October 04, 2021

Lynn Good projects $100B in spending on 'clean energy transition' at Duke Energy in the next 10 years

Touting Duke Energy Corp.'s sustainability goals at a presentation an S&P Global Inc. conference, CEO Lynn Good said the company will spend close to $100 billion on its transition to clean energy over the next decade.

Good spoke Sept. 28 with Lindsey Hall, head of ESG Through Leadership — a title that refers to environmental, social and governance — for S&P. She promoted Duke’s commitments to reduce carbon emissions from 2005 levels by 50% in 2030, reaching carbon neutrality in its operations by 2050 and a separate net-zero goal for the more dangerous greenhouse gas, methane.

“It is a part of our business plan. It's a part of our capital plan. It's a part of the discussions we're having with our regulators and policymakers,” Good said. “We see, over the next decade, investing $125 billion, and about 80% of that is really directed toward this clean energy transition.”

She concedes that, after 2030, the road to net-zero carbon gets cloudier. The only clear thing, she says, is that reaching that goal will require the development of energy technologies that are not available in any commercial scale and some that don’t yet exist. 

Through 2030, she says, Duke (NYSE: DUK) can accomplish its goals by closing more coal plants, building more renewable energy plants and investing in battery storage.

“But when we get to kind of that 60%, 70%, maybe 80% reduction in carbon, we begin to look for technologies that don't exist today: zero-emitting, load-following resources that give us the opportunity to make that additional progress toward net zero,” she said. “So, when I say that, you should think about technologies like hydrogen. You should think about carbon capture, longer duration storage, advanced nuclear.”

Billions in the grid

Asked about short-term goals, Good said Duke would invest $600 million in battery storage and would be retiring at least five more coal units by that time. 

She said of the $100 billion needed for the clean energy transition in the next decade, $48 billion will be spent by 2025.

“We have several billion dollars of grid investment that we're planning by 2025, not only to increase capacity for renewable assets but also to address resiliency and hardening,” she said. “We have filed for a second (nuclear) license renewal at South Carolina’s Oconee Nuclear Station, and I would expect another one to be filed before 2025.”

She said achieving significant carbon reduction will require the use of the existing nuclear fleet and then development of technology like small modular reactors to continue to provide carbon-free nuclear energy in the out years.
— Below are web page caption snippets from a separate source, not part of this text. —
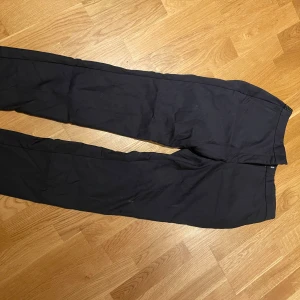Marinblå  kostymbyxor från Zara Basic - Säljer ett par marinblåa kostymbyxor från Zara Basic. Byxorna har raka ben och diskreta fickor framtill. Perfekta för en stilren look och passar till många olika tillfällen. 75:-
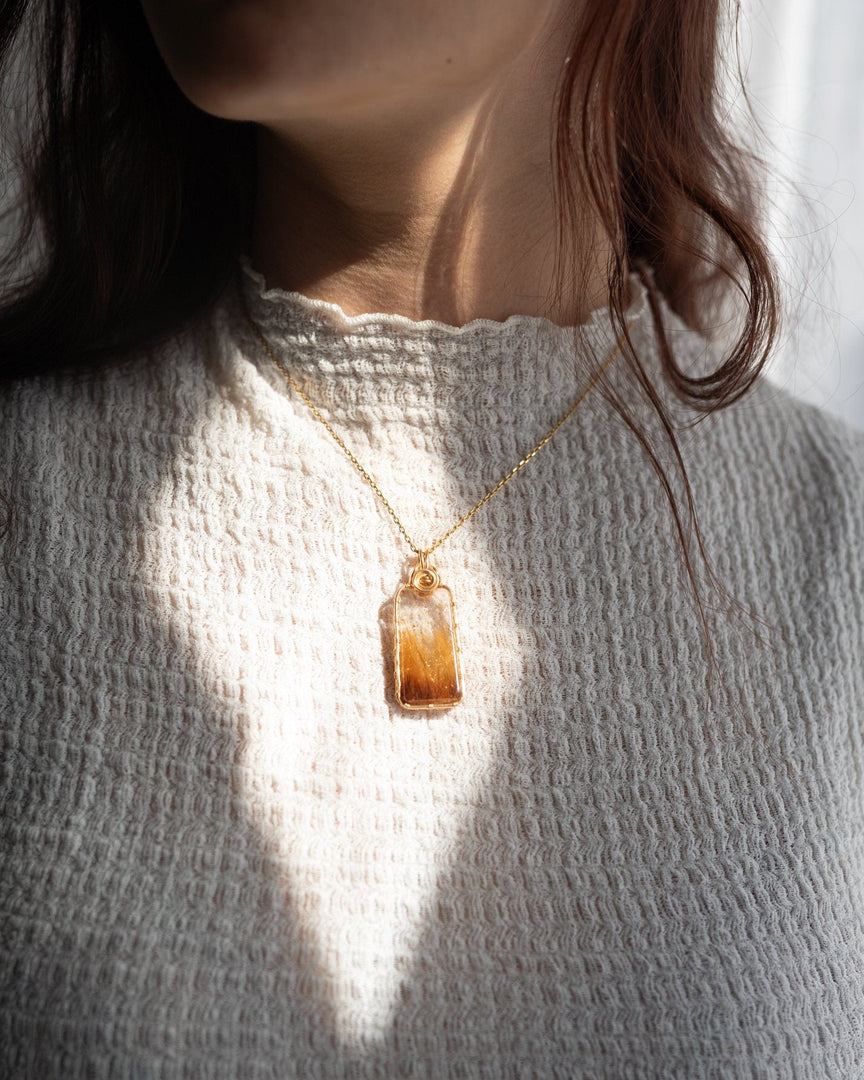 straw golden rutilated quartz pendant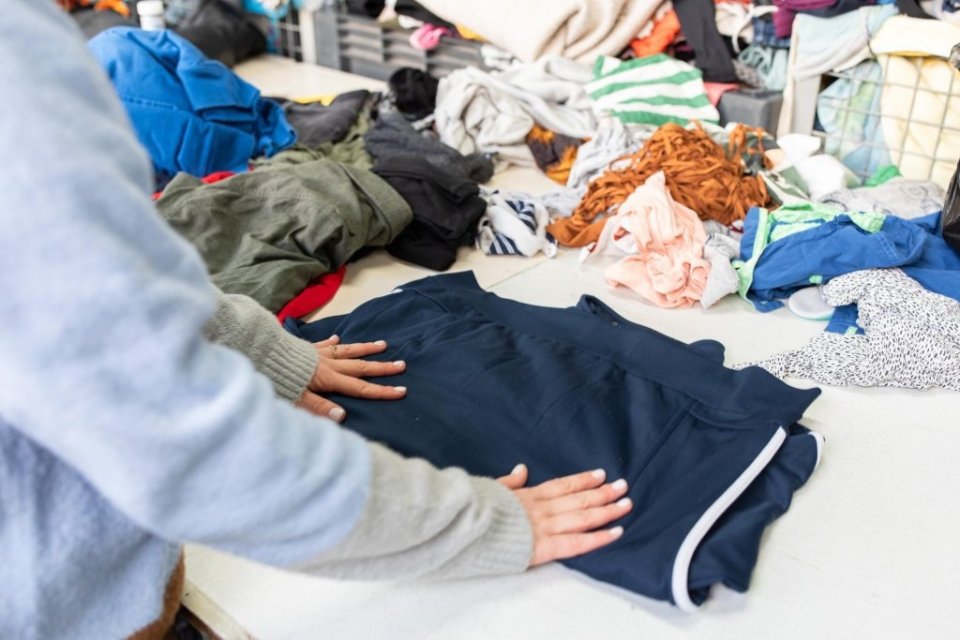 Kleding wordt gesorteerd in het sorteercentrum snuffelmug van Spaarne Werkt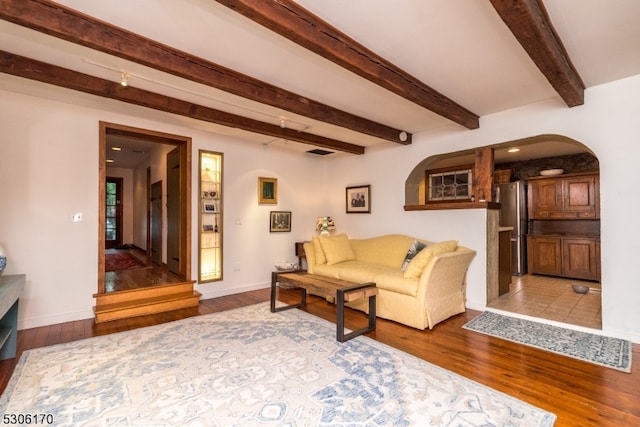 living room featuring beamed ceiling and tile patterned flooring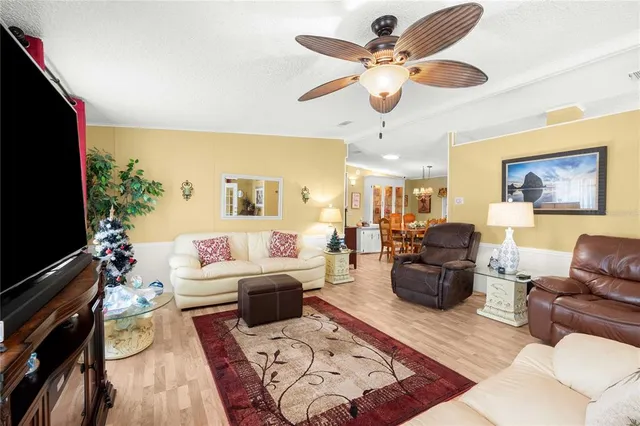 a living room with furniture flat screen tv and a fireplace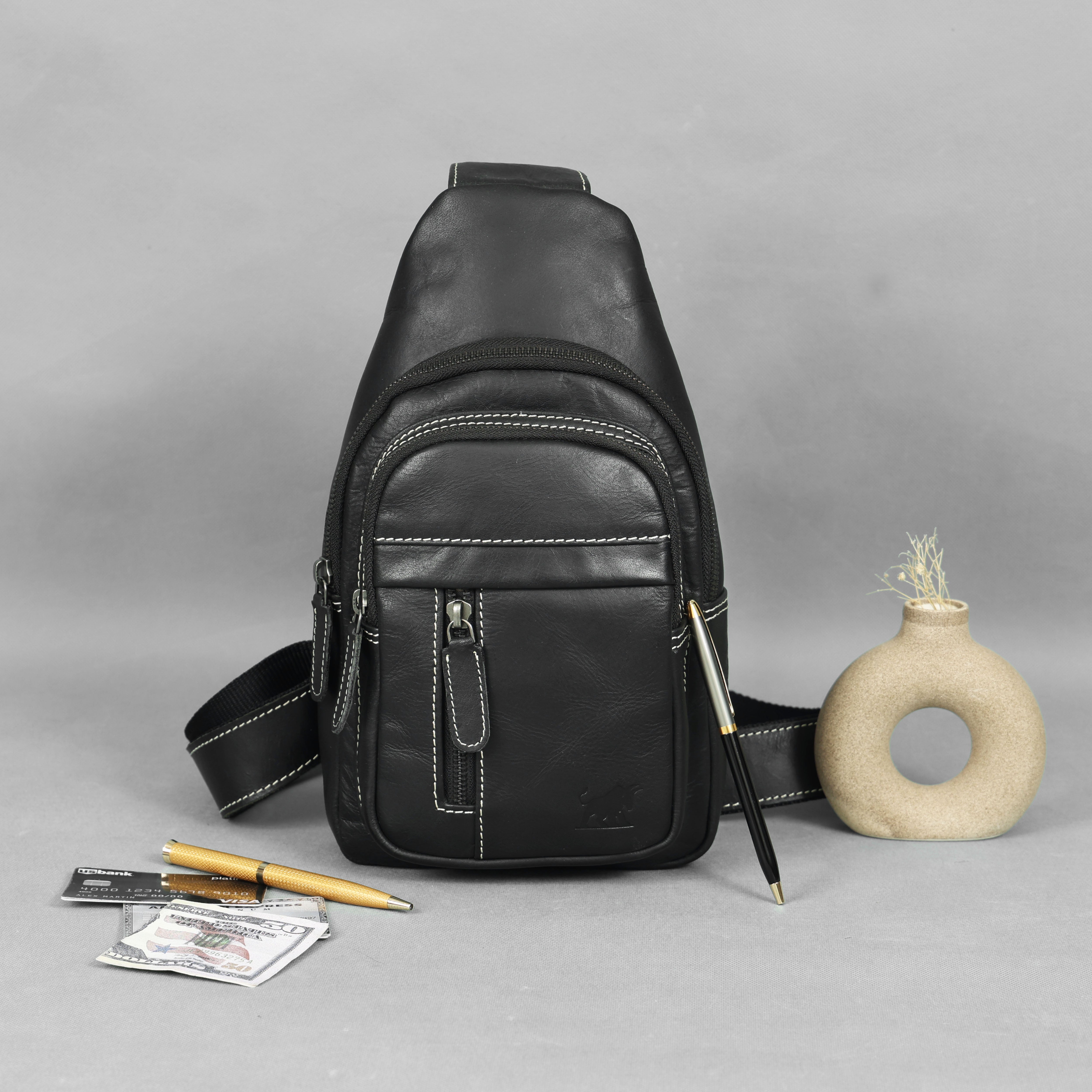 Black leather sling bag on a gray background with a pen, money, and small vase.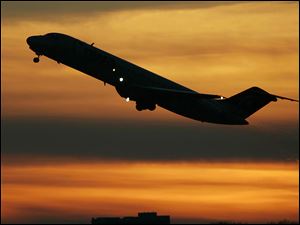 A plane takes off from Minneapolis St. Paul International Airport in Minneapolis in this file photo.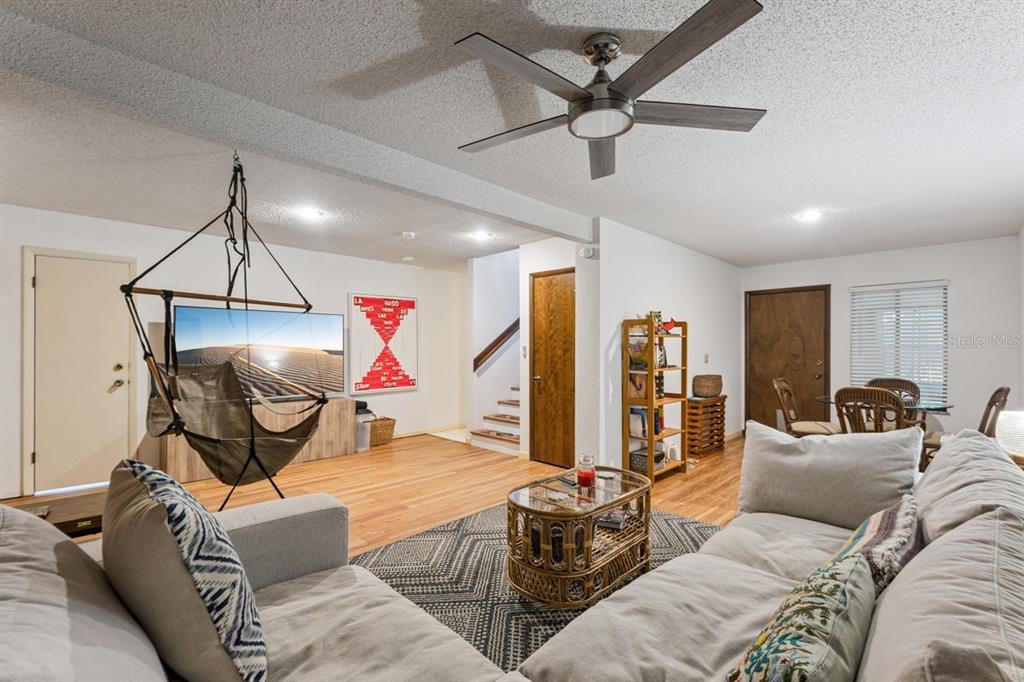 A living room features a hanging chair, a sectional sofa, a coffee table, and stairs — 308 N GARFIELD AVENUE, DELAND, FL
“We are advocates for investment through research and development, federal funding, work with the national labs, work with our research and development institute in the industry to … continue investing in these technologies so that they're available at commercial scale when we need them, which is likely sometime in the 2030s,” Good said. “So, we're piloting hydrogen linked with solar, blending hydrogen with natural gas in a combustion turbine. We're working with long-duration storage, a molten salt battery technology, that we also think could be promising.”

Pushback from regulators?

She said electrification of transportation — from passenger vehicles to trucking and beyond — is also important to Duke’s plans. 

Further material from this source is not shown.